# EXERCISE
Copy nothing but the line with "DES NIVEA AERO FEM INV BW CLEAR 150ML" and the lines that follow it to the end of the entries below, and keep the pictures out.

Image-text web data
═══

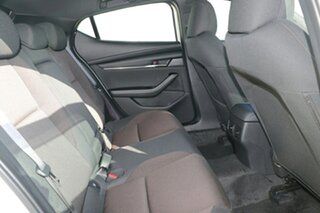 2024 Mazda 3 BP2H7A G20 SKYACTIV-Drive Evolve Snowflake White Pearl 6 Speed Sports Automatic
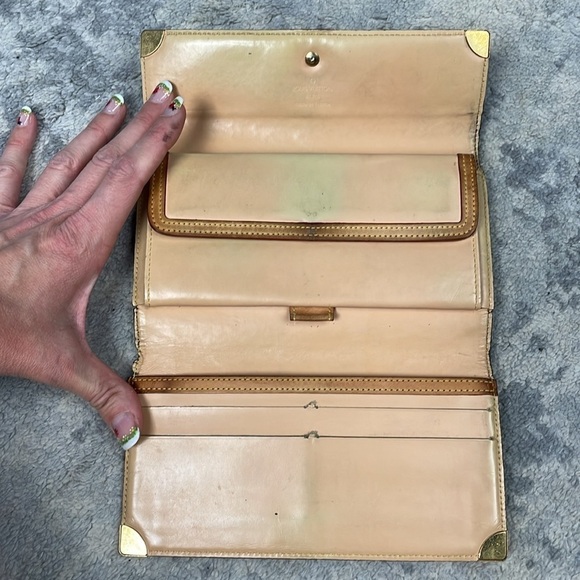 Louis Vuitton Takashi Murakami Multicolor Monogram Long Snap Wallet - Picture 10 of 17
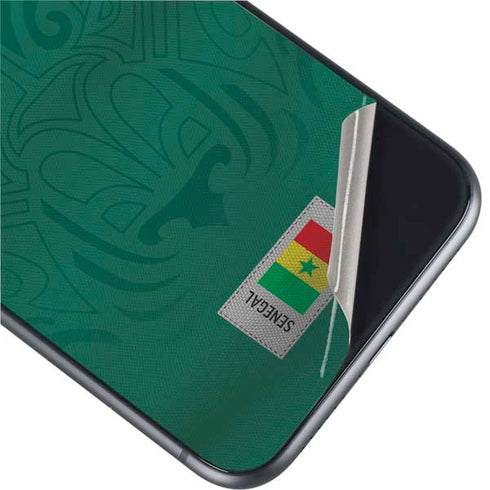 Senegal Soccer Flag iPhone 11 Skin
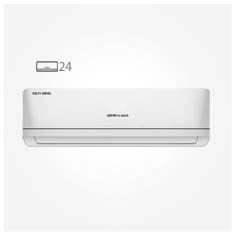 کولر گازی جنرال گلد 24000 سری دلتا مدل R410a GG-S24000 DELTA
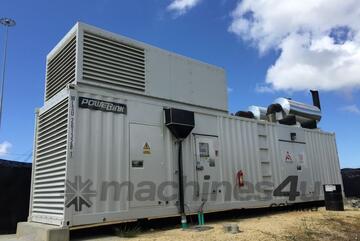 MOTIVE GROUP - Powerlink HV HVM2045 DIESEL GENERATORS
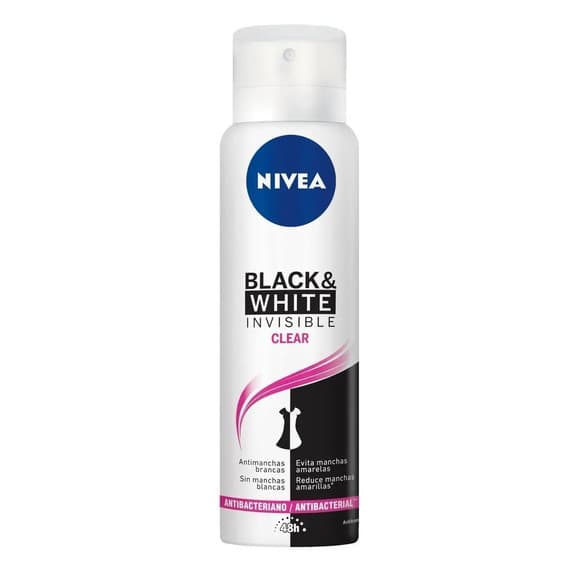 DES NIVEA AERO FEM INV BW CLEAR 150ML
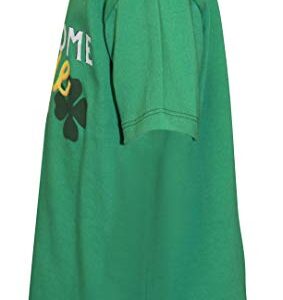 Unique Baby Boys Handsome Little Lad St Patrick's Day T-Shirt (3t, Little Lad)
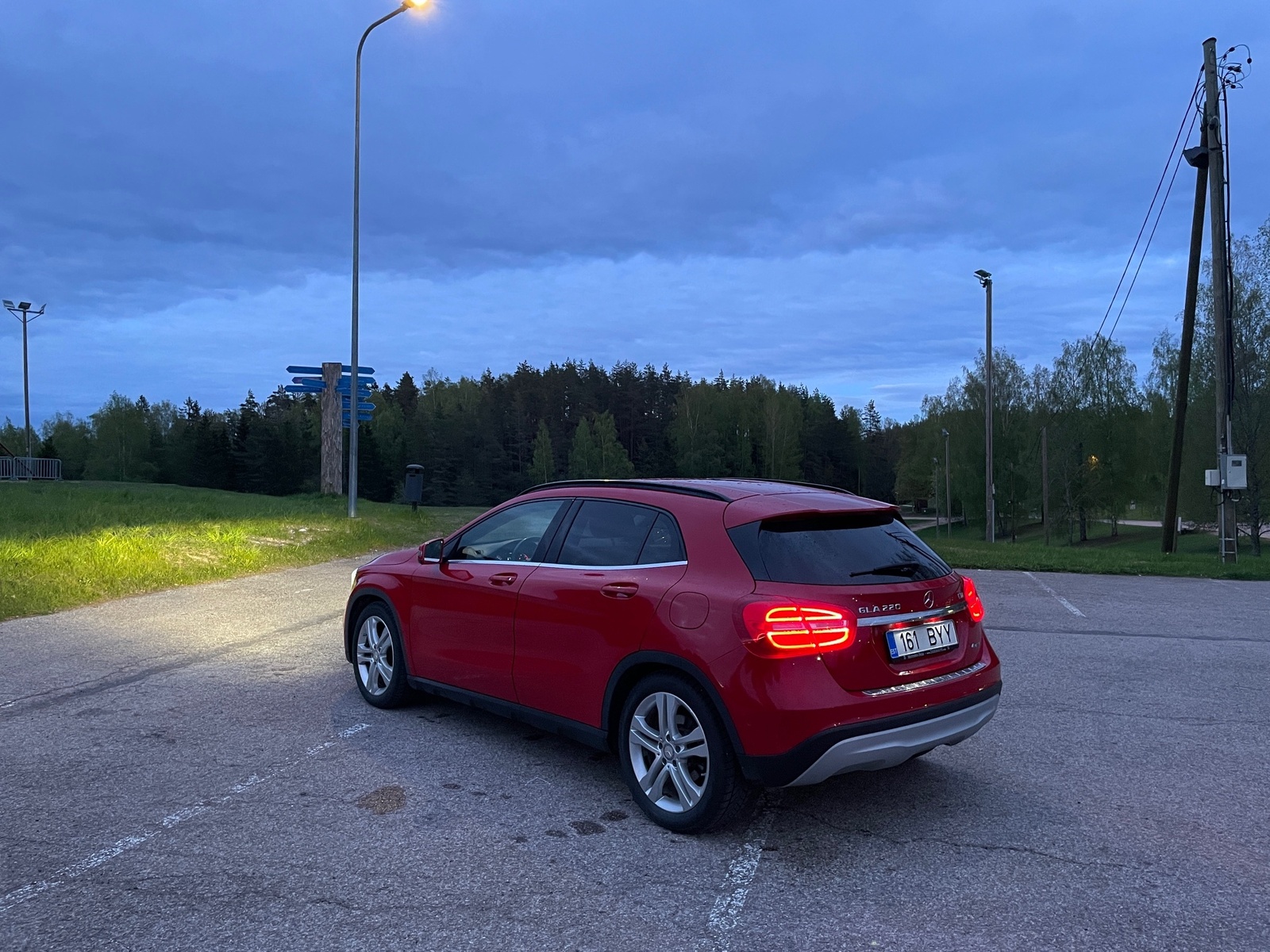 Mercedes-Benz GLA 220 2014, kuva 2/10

═══

# ANSWER TO THE PROBLEM
 DES NIVEA AERO FEM INV BW CLEAR 150ML
 Unique Baby Boys Handsome Little Lad St Patrick's Day T-Shirt (3t, Little Lad)
 Mercedes-Benz GLA 220 2014, kuva 2/10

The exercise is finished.